• Given entries
-------

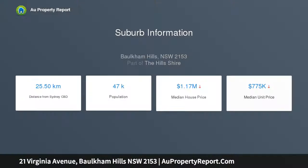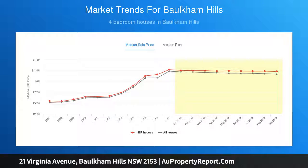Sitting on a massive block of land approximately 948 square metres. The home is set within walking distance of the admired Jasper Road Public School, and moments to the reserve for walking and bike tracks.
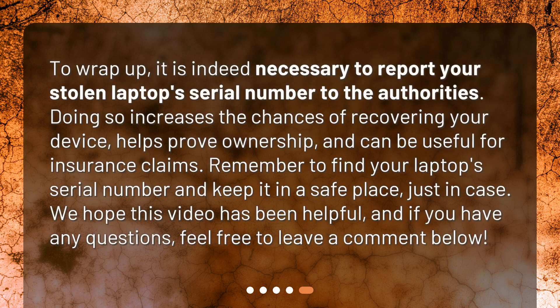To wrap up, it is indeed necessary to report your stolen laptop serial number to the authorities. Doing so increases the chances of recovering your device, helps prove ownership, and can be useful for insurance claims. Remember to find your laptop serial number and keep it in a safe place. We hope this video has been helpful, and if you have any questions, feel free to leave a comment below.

-------

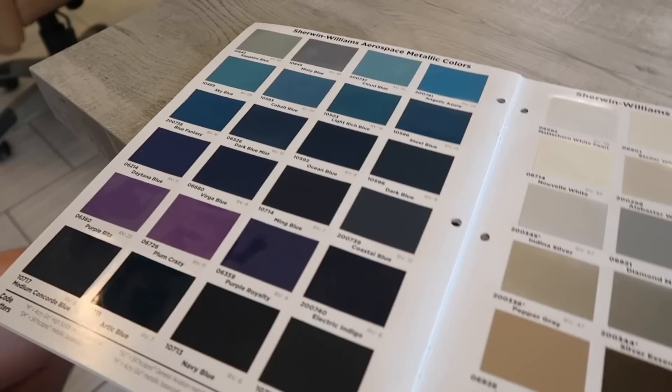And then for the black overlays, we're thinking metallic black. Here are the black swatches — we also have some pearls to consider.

-------

• What this task involves
All that should appear in the answer is the lines above from the line with "Sitting on a" through the line with "To wrap up, it", retyped exactly, pictures left out.

• The answer
Sitting on a massive block of land approximately 948 square metres. The home is set within walking distance of the admired Jasper Road Public School, and moments to the reserve for walking and bike tracks.
To wrap up, it is indeed necessary to report your stolen laptop serial number to the authorities. Doing so increases the chances of recovering your device, helps prove ownership, and can be useful for insurance claims. Remember to find your laptop serial number and keep it in a safe place. We hope this video has been helpful, and if you have any questions, feel free to leave a comment below.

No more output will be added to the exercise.